A few of the pieces touched on Westwood’s punk foundation, too. “I remember there were some clothes made out of ‘display’ velvet—a floor-length trench coat with matching shocking pink hair,” Kronthaler adds, recalling Westwood’s earliest work, which incorporated rubber, safety pins, and other non-traditional materials. “Shocking pink is the color of this era, and we always made things out of the most unusual fabrics.”
As Dietrich was the big inspiration behind the show, the brand invited her to attend and sit front row; she unfortunately couldn’t make it. “We delivered an invitation to her at the Avenue Montaigne because of course, everybody who has the choice wants to spend the autumn of their life in Paris,” Kronthaler remembers. “But she was too ill then, and died a month or so later, in her nineties.”

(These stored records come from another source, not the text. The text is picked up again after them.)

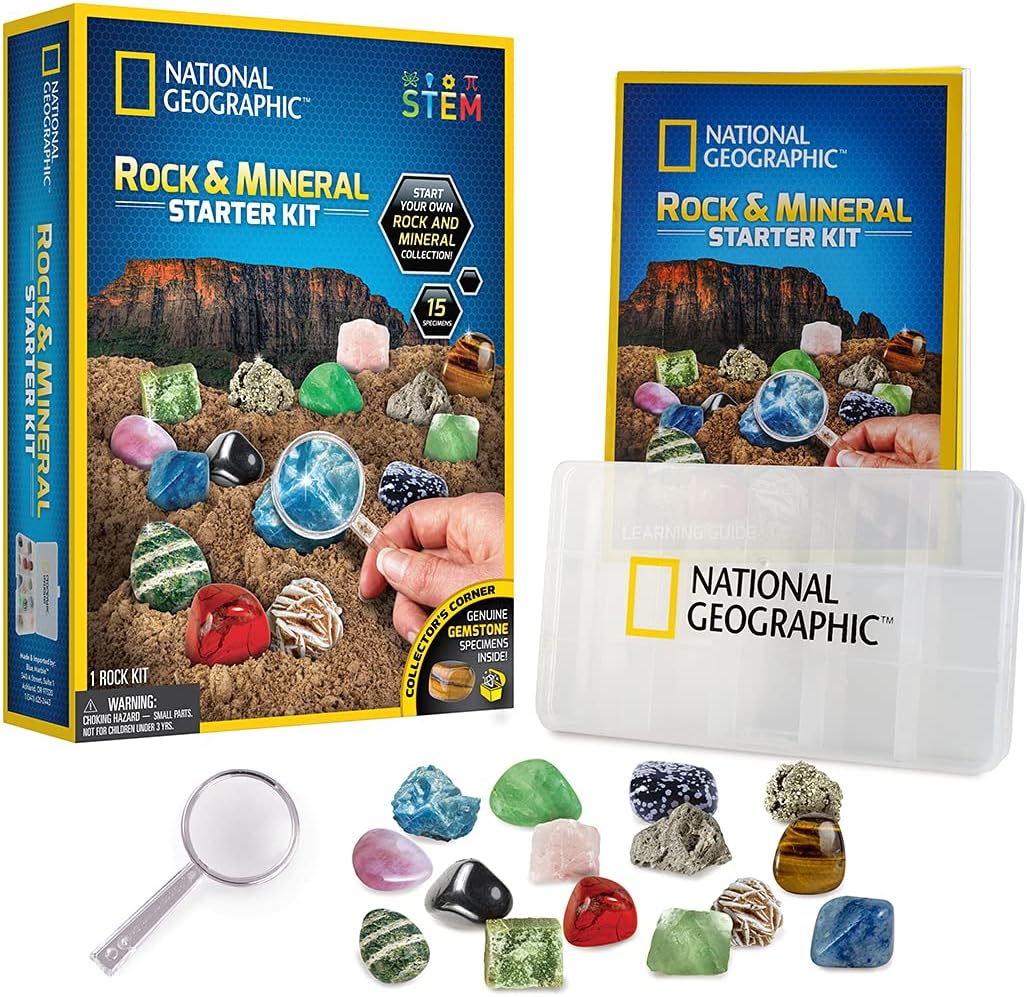 National Geographic Rock And Mineral Starter Kit (29-4010)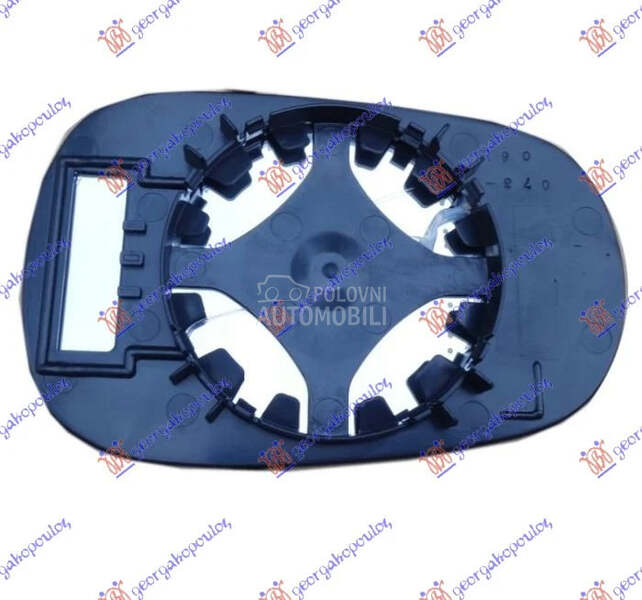 Staklo za retrovizor za Renault Clio od 1998. do 2001. god.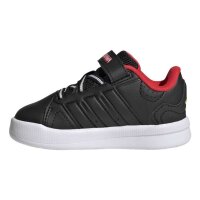 adidas Lightorama Court Elastic Lace Sneaker Baby - cblack/lucred/sollem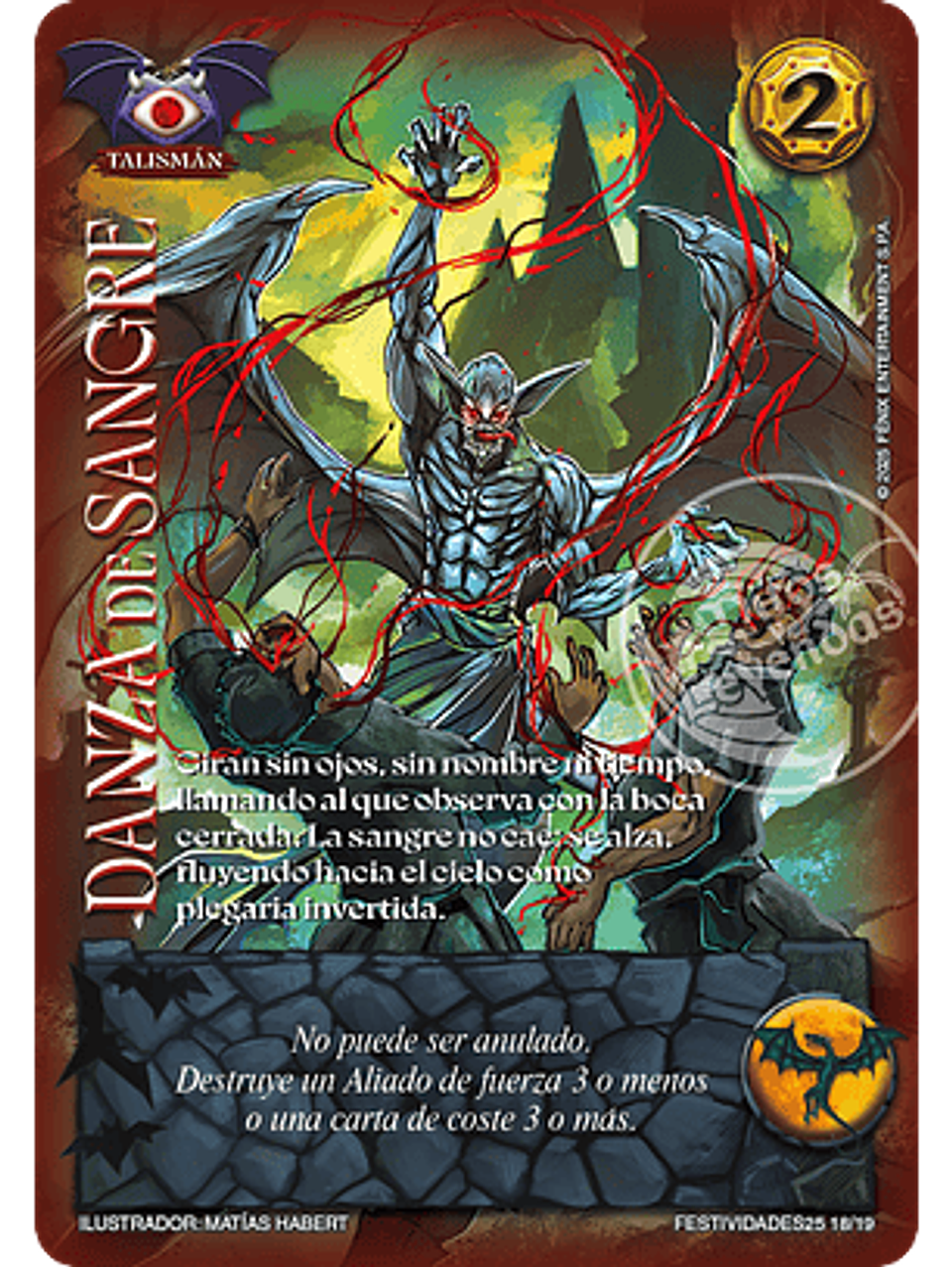 Danza De Sangre (LBPB25) 1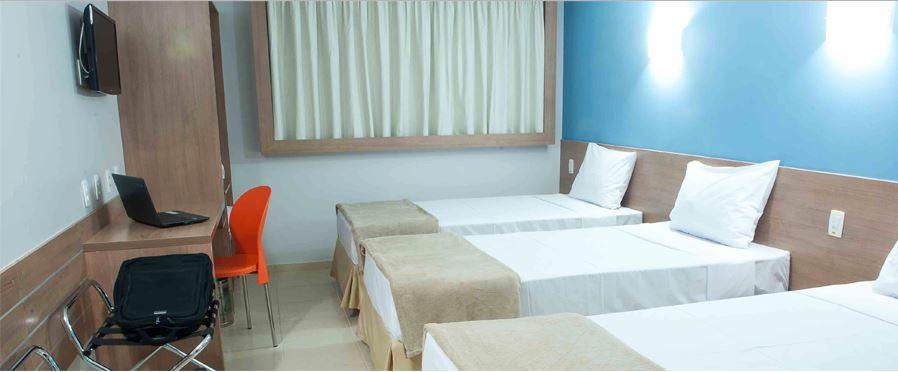 Hotel Go Inn Estacao กัวยาเนีย ภายนอก รูปภาพ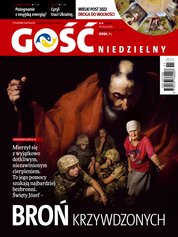 : Gość Niedzielny - Warszawski - e-wydanie – 11/2022
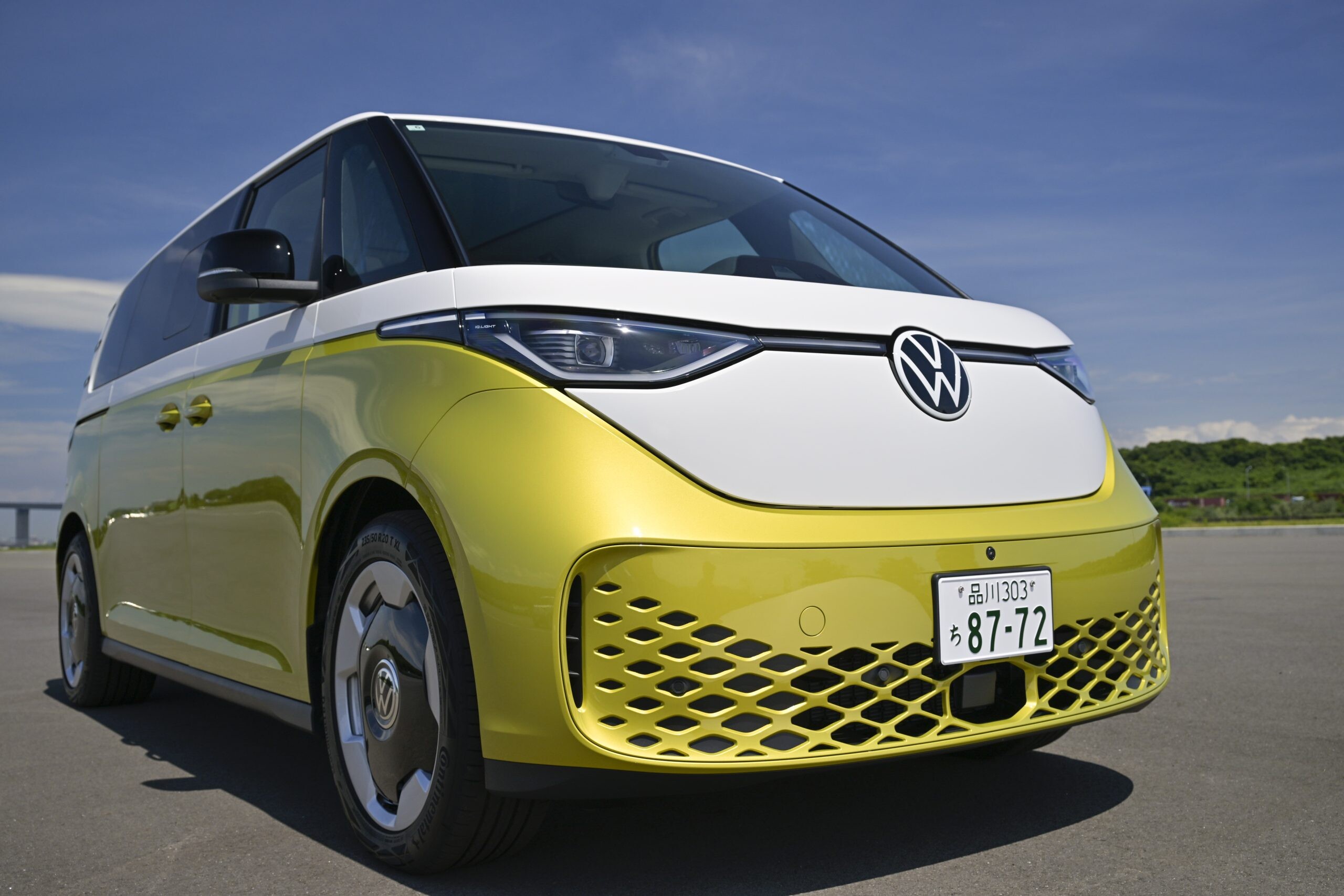 新型フォルクスワーゲンID. Buzz、ついに日本発売開始！──GQ新着カー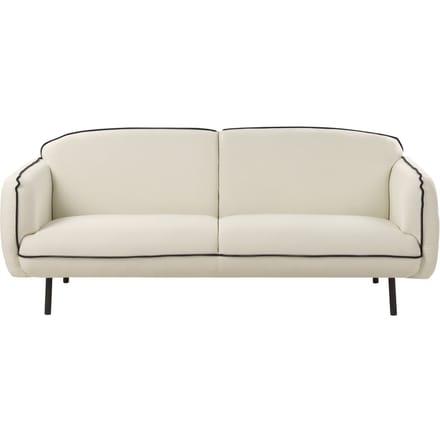 TONSBERG - Driezitsbank - Lichtbeige - Polyester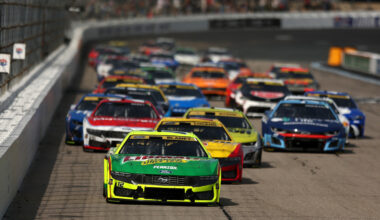 Why NASCAR Got Rid Of Rookie Stripes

True to most of Vivienne Westwood’s 1990s shows, the finale of “Always on Camera” saw a procession of big ball gowns waltzing down the runway. This time, they were made out of tulle, printed in trompe l’oeil glitter lace, resembling Dietrich herself in the 1947 film Golden Earrings, in which she played a glamorous, nomadic Gypsy. “The title of the collection ‘Always on Camera’ had a lot to do with the philosophy then,” Kronthaler says. “‘Always dress up, because one is always on camera’—and, in any case, one never knows what happens...You always want to look the best you can, because it is the first impression you make that will last forever.” Few designers explore fantasy the way Westwood does—and few cinematic icons held their own unique style in the way that Dietrich did.